Hi Forum Friends.......I will be driving from the north down into Zacatecas on Highway 54 and have no idea how to drive into my hotel in the city. Casa Santa Lucia, Av. Hidalgo #717 employs only Spanish speaking staff and my Spanish is not good enough (yet) to understand their directions. So...............can anyone help out with the directions???? Alternatively, I don't have to stay IN Zacatecas overnight,so any suggestions re a pet-friendly place to stay before I get to Zac. would be appreciated. As always, thanks for your help


----------



## RVGRINGO (May 16, 2007)

I recall that Rt. 54 approaches Zacatecas from the north at an intersection, where you will find Hotel del Bosque. If you turn left at that intersection, it will take you past that hotel and down hill a few kilometers into the city.
I don't know of 'pet friendly' hotels, but would suggest that you look for the 'hoteles de paso' for that purpose; hotels behind walls, very discreet, little staff contact, etc. Eat and walk your pet before driving into the room's private garage & stay the night. Most are inexpensive, clean and very secure. You may or may not wish to turn on the TV.


----------



## TundraGreen (Jul 15, 2010)

Did you try Google Maps. Go to maps.google.com
Enter "Hidalgo 717, Centro, Zacatecas, México" into the search box and it will show you where it is. Two years ago, google was not very good with getting the numbers right. It would get the street but not the right location along the street. But more recently, it seems to do pretty well. 

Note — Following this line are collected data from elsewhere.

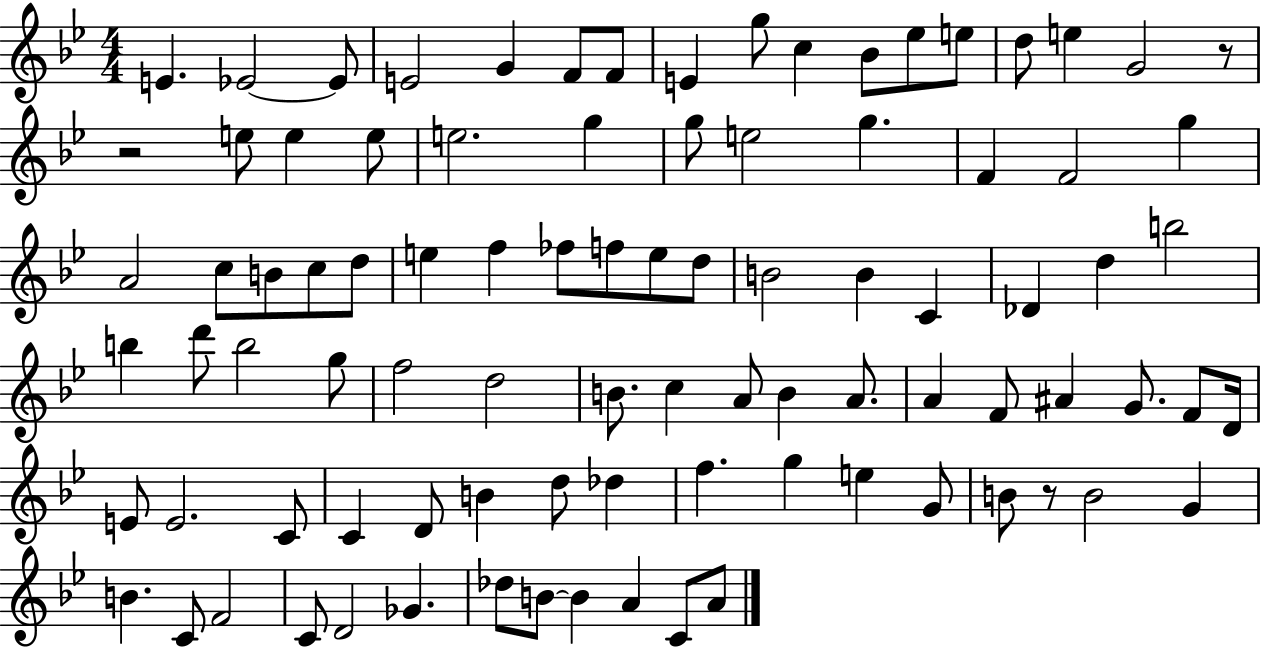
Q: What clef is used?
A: treble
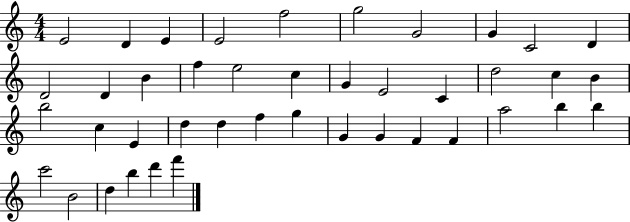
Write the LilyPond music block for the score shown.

{
  \clef treble
  \numericTimeSignature
  \time 4/4
  \key c \major
  e'2 d'4 e'4 | e'2 f''2 | g''2 g'2 | g'4 c'2 d'4 | \break d'2 d'4 b'4 | f''4 e''2 c''4 | g'4 e'2 c'4 | d''2 c''4 b'4 | \break b''2 c''4 e'4 | d''4 d''4 f''4 g''4 | g'4 g'4 f'4 f'4 | a''2 b''4 b''4 | \break c'''2 b'2 | d''4 b''4 d'''4 f'''4 | \bar "|."
}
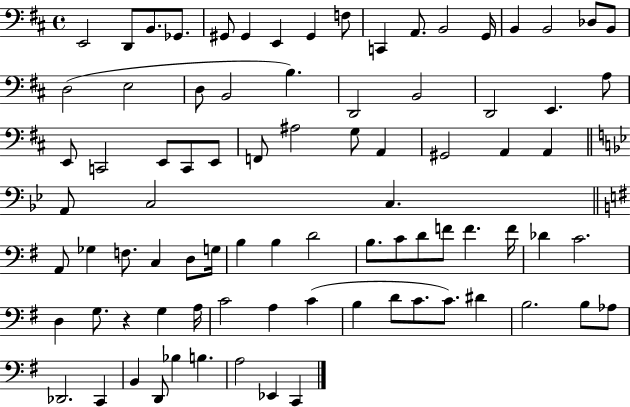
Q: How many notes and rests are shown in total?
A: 84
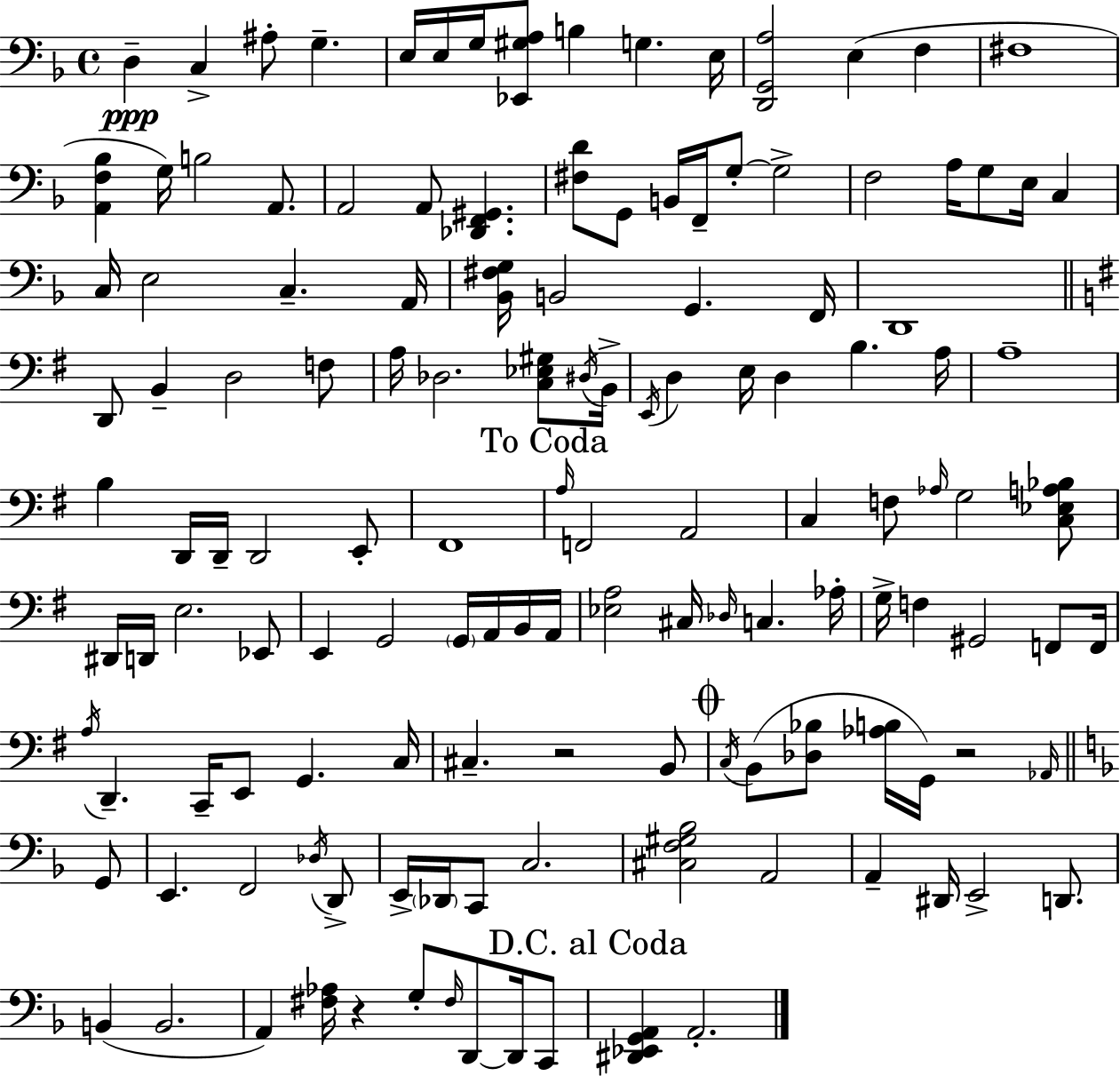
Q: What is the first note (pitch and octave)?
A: D3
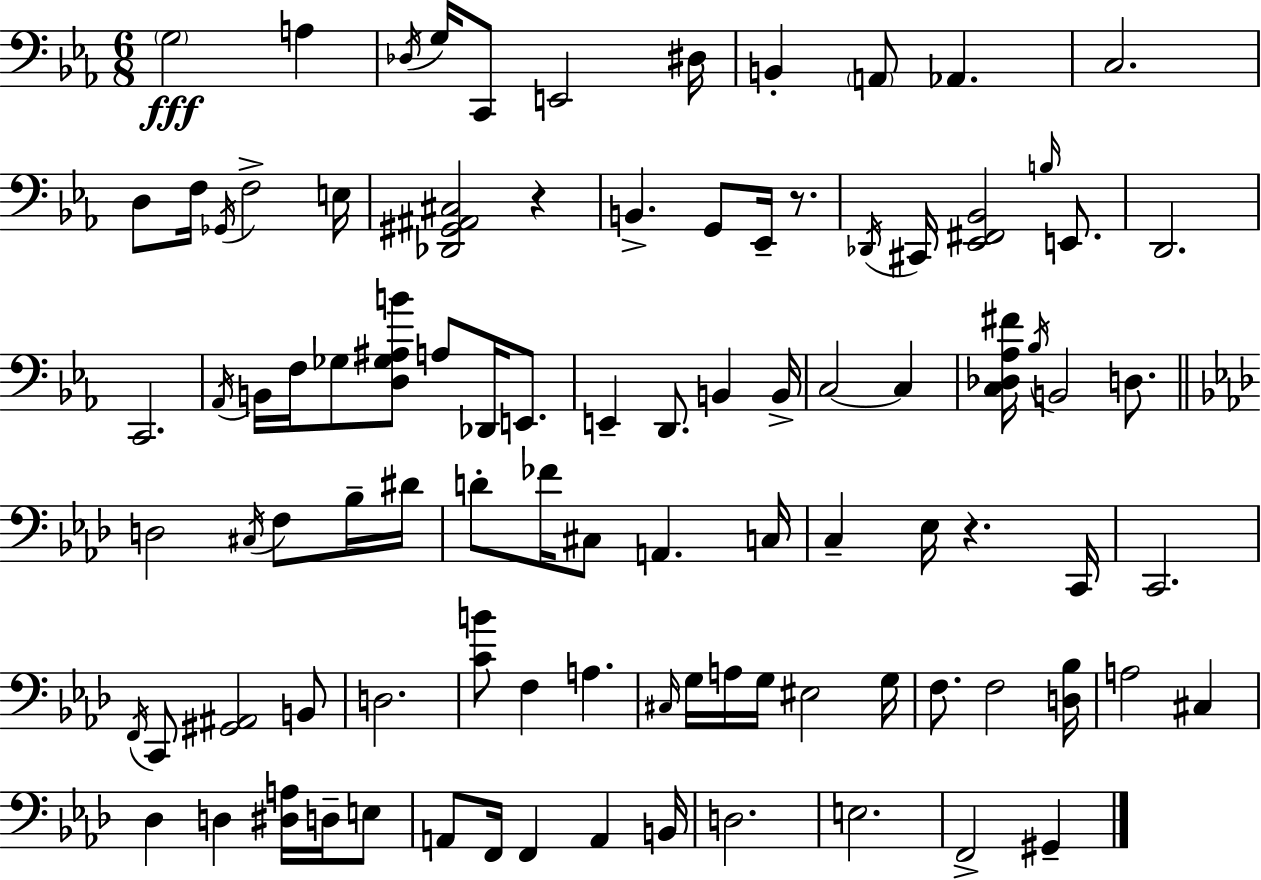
X:1
T:Untitled
M:6/8
L:1/4
K:Eb
G,2 A, _D,/4 G,/4 C,,/2 E,,2 ^D,/4 B,, A,,/2 _A,, C,2 D,/2 F,/4 _G,,/4 F,2 E,/4 [_D,,^G,,^A,,^C,]2 z B,, G,,/2 _E,,/4 z/2 _D,,/4 ^C,,/4 [_E,,^F,,_B,,]2 B,/4 E,,/2 D,,2 C,,2 _A,,/4 B,,/4 F,/4 _G,/2 [D,_G,^A,B]/2 A,/2 _D,,/4 E,,/2 E,, D,,/2 B,, B,,/4 C,2 C, [C,_D,_A,^F]/4 _B,/4 B,,2 D,/2 D,2 ^C,/4 F,/2 _B,/4 ^D/4 D/2 _F/4 ^C,/2 A,, C,/4 C, _E,/4 z C,,/4 C,,2 F,,/4 C,,/2 [^G,,^A,,]2 B,,/2 D,2 [CB]/2 F, A, ^C,/4 G,/4 A,/4 G,/4 ^E,2 G,/4 F,/2 F,2 [D,_B,]/4 A,2 ^C, _D, D, [^D,A,]/4 D,/4 E,/2 A,,/2 F,,/4 F,, A,, B,,/4 D,2 E,2 F,,2 ^G,,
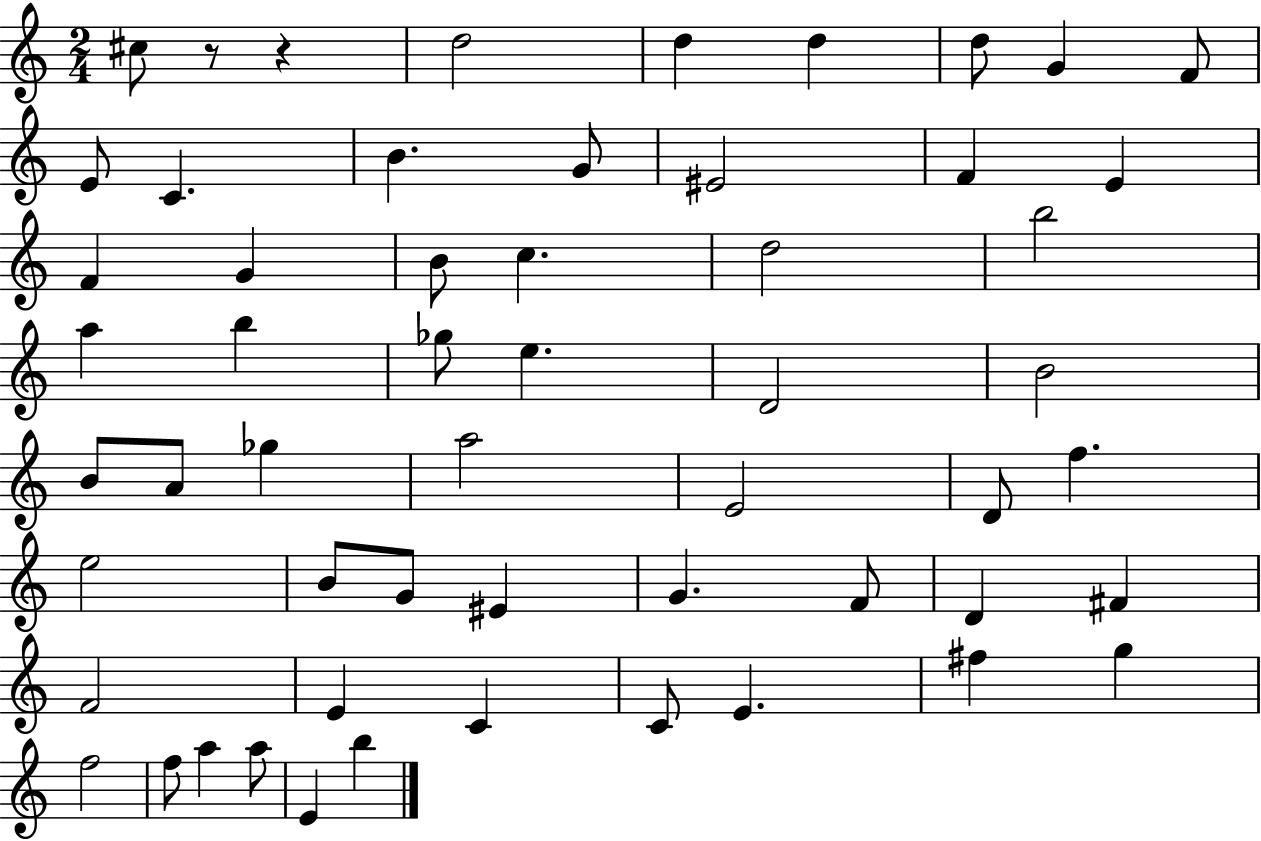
C#5/e R/e R/q D5/h D5/q D5/q D5/e G4/q F4/e E4/e C4/q. B4/q. G4/e EIS4/h F4/q E4/q F4/q G4/q B4/e C5/q. D5/h B5/h A5/q B5/q Gb5/e E5/q. D4/h B4/h B4/e A4/e Gb5/q A5/h E4/h D4/e F5/q. E5/h B4/e G4/e EIS4/q G4/q. F4/e D4/q F#4/q F4/h E4/q C4/q C4/e E4/q. F#5/q G5/q F5/h F5/e A5/q A5/e E4/q B5/q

It looks like you would hang a left at the railroad tracks,
then left on Heroes de Chapultepec
It turns into Adolfo Lopez Mateos
Left on Gonzalez Ortega
It becomes one way in the direction you need and turns into Hidalgo
The hotel is just before the street becomes two way again.

No guarantees.

Will


----------



## kathryn (May 10, 2010)

TundraGreen said:


> Did you try Google Maps. Go to maps.google.com
> Enter "Hidalgo 717, Centro, Zacatecas, México" into the search box and it will show you where it is. Two years ago, google was not very good with getting the numbers right. It would get the street but not the right location along the street. But more recently, it seems to do pretty well.
> 
> It looks like you would hang a left at the railroad tracks,
> ...


Thanks, Will...........did the google map-thingy.......very helpful.......


----------



## kathryn (May 10, 2010)

RVGRINGO said:


> I recall that Rt. 54 approaches Zacatecas from the north at an intersection, where you will find Hotel del Bosque. If you turn left at that intersection, it will take you past that hotel and down hill a few kilometers into the city.
> I don't know of 'pet friendly' hotels, but would suggest that you look for the 'hoteles de paso' for that purpose; hotels behind walls, very discreet, little staff contact, etc. Eat and walk your pet before driving into the room's private garage & stay the night. Most are inexpensive, clean and very secure. You may or may not wish to turn on the TV.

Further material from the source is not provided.